TASK DETAILS ▸ The answer must be exactly the lines from the one containing "Zoological Garden Elephant st2" through the end of the material, with both ends kept and no other lines.

DATA BLOCK ▸
---+---
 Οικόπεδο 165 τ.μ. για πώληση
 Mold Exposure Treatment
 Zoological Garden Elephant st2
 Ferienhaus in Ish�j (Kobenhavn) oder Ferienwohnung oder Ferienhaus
---+---
ANSWER SECTION ▸
 Zoological Garden Elephant st2
 Ferienhaus in Ish�j (Kobenhavn) oder Ferienwohnung oder Ferienhaus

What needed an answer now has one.